Switch Transformer - Top-1 Expert Routing.
The Switch Transformer simplifies MoE routing by selecting only a single expert per token (top-1), reducing computation and communication costs while maintaining model capacity. Each token is routed to exactly one expert based on learned routing weights.
Architecture
Input [batch, seq_len, embed_dim]
|
v
+------------------------------------+
| Input Projection |
+------------------------------------+
|
v
+------------------------------------+
| Switch Block 1: |
| Pre-Norm -> Router (top-1) |
| -> Selected Expert FFN |
| + Residual |
+------------------------------------+
| (repeat N times)
v
+------------------------------------+
| Final Norm + Last Timestep |
+------------------------------------+
|
v
Output [batch, hidden_size]Router Design
The router computes softmax probabilities over experts and selects the highest-scoring expert for each token. Since Axon uses static graphs, all experts are computed and the router selects via weighted combination with a peaked (near-one-hot) distribution.
Usage
model = SwitchMoE.build(
embed_dim: 256,
hidden_size: 256,
num_experts: 8,
expert_size: 512,
num_layers: 4
)References
- Fedus et al., "Switch Transformers: Scaling to Trillion Parameter Models with Simple and Efficient Sparsity" (JMLR 2022)
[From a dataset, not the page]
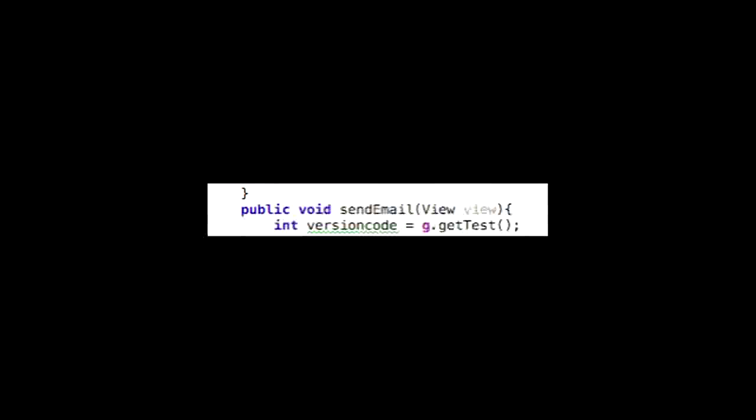Now whenever we need to call the variable, we need to assign it to a direct variable. Where the variable is equal to the getTest method, it should read something like int test is equal to g dot getTest with empty parentheses.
- https://arxiv.org/abs/2101.03961
Summary
Functions
Build a Switch Transformer model.
Get the output size of a Switch MoE model.
Single Switch block: pre-norm -> top-1 routed expert FFN -> residual.
Types
@type build_opt() :: {:dropout, float()} | {:embed_dim, pos_integer()} | {:expert_size, pos_integer()} | {:hidden_size, pos_integer()} | {:num_experts, pos_integer()} | {:num_layers, pos_integer()} | {:seq_len, pos_integer()} | {:window_size, pos_integer()}
Options for build/1.
Functions
Build a Switch Transformer model.
Options
:embed_dim- Input embedding dimension (required):hidden_size- Hidden dimension (default: 256):num_experts- Number of expert FFNs (default: 8):expert_size- Inner dimension of expert FFNs (default: 512):num_layers- Number of Switch blocks (default: 4):dropout- Dropout rate (default: 0.1):window_size- Sequence length (default: 60)
Returns
An Axon model: [batch, seq_len, embed_dim] -> [batch, hidden_size]
@spec output_size(keyword()) :: pos_integer()
Get the output size of a Switch MoE model.
@spec switch_block(Axon.t(), pos_integer(), keyword()) :: Axon.t()
Single Switch block: pre-norm -> top-1 routed expert FFN -> residual.